Update the README and add English version

hiddenblue · hiddenblue · commit 6dafebeeb644 · 2024-12-13T23:12:53.000+08:00
diff --git a/.github/workflows/nuitka.yml b/.github/workflows/nuitka.yml
@@ -25,6 +25,7 @@ jobs:
         run: |
           python -m pip install --upgrade pip
           pip install -r requirements.txt
+          pip install imageio
 
       - name: Install Nuitka
         run: pip install nuitka
@@ -57,6 +58,7 @@ jobs:
         run: |
           python -m pip install --upgrade pip
           pip install -r requirements.txt
+          pip install imageio
 
       - name: Install Nuitka
         run: pip install nuitka
diff --git a/README.adoc b/README.adoc
@@ -1,25 +1,25 @@
 = Pubmedsoso =
 :toc:
 
-image:assets/icon.png[Pubmedsoso]
-
-一个自动批量提取pubmed文献信息和下载免费文献的小工具
+*Language*: link:README.adoc[English] | link:README_CN.adoc[简体中文]
 
-== 主要功能 ==
+image:assets/icon.png[Pubmedsoso]
 
-自己写的基于aiohttp pandas和xpath 的pubmed文献信息爬取和下载的工具，按照你给定的参数，按你的要求获取相关的文献信息，并且下载对应文献的PDF原文
+A small tool for automatically extracting PubMed literature information and downloading free literature in bulk.
 
-下载速度大概是1s一篇，同时能够提取文献的大部分信息，并自动生成excel文件，包括文献标题，摘要，关键词，作者名单，作者单位，是否免费，是不是review类型等信息。
+== Features ==
+A tool for crawling and downloading PubMed literature information, written based on `aiohttp`, `pandas`, and `xpath`. It retrieves relevant literature information according to the parameters you provide and downloads the corresponding PDF originals.
 
-自动下载后，会将部分信息储存在本地的文本文件中，供参考，检索数据会储存在sqlite3数据库中，最后执行完成后，自动导出所有信息，生成一个Excel文件。
+The download speed is approximately 1 second per article.
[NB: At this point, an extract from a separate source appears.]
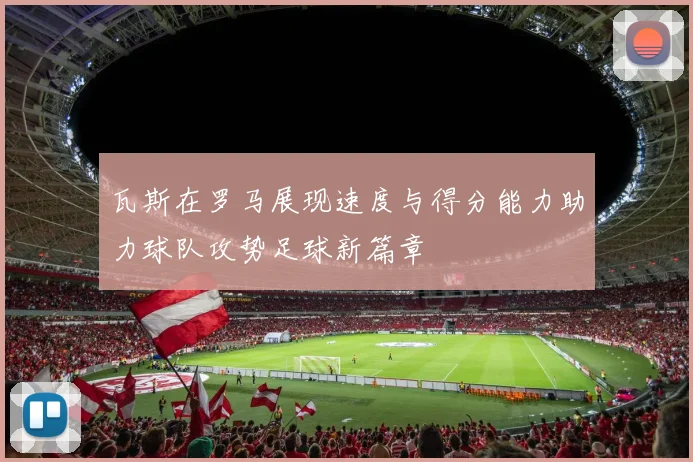 瓦斯在罗马展现速度与得分能力助力球队攻势足球新篇章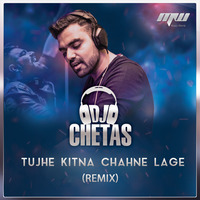 DJ Chetas-Tujhe Kitna Chahne Lage (Remix) by MUSIC WORLD - MW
It can extract most of the literature information and automatically generate an Excel file, including details such as the title, abstract, keywords, author list, author affiliations, whether it is free, and whether it is a review type.
 
-== 依赖模块 ==
+After automatic downloading, some information is stored in local text files for reference, and search data is stored in an `sqlite3` database. Finally, after execution, all information is automatically exported and an Excel file is generated.
 
-* 基于python3.9，主要使用了pandas, xpath, asyncio, aiohttp
+== Dependencies ==
+_Based on Python 3.9, also supports higher versions. Mainly uses `pandas`, `xpath`, `asyncio`, `aiohttp`._
 
-* 项目页面右边的Release当中有Nuitka打包成的exe执行文件，自带所有依赖，可以直接下载后在windows下命令行执行使用。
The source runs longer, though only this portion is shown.